"""

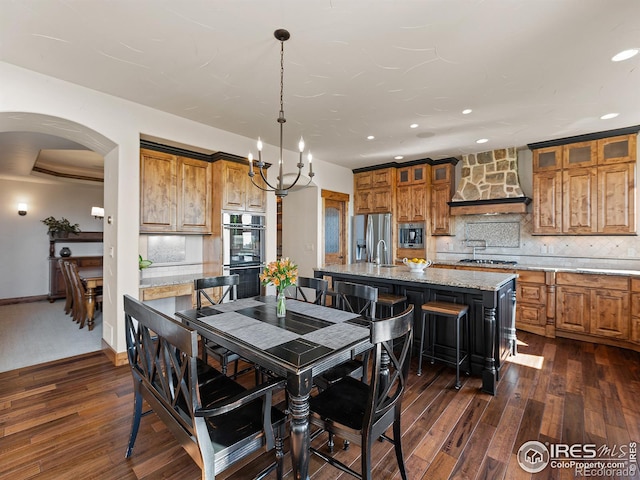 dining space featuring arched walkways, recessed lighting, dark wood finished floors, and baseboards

"""
"""

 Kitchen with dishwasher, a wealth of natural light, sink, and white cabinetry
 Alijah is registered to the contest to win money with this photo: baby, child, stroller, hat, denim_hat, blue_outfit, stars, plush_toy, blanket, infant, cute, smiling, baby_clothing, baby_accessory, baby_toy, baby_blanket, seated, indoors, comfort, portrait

"""
"""

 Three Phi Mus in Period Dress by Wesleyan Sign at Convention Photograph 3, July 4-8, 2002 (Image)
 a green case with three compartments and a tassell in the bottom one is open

"""

ABOUT THIS TASK:
Above are the records. Print exactly, and only, the lines from the line with "Three Phi Mus" to the line with "a green case", both inclusive.

ANSWER SECTION:
 Three Phi Mus in Period Dress by Wesleyan Sign at Convention Photograph 3, July 4-8, 2002 (Image)
 a green case with three compartments and a tassell in the bottom one is open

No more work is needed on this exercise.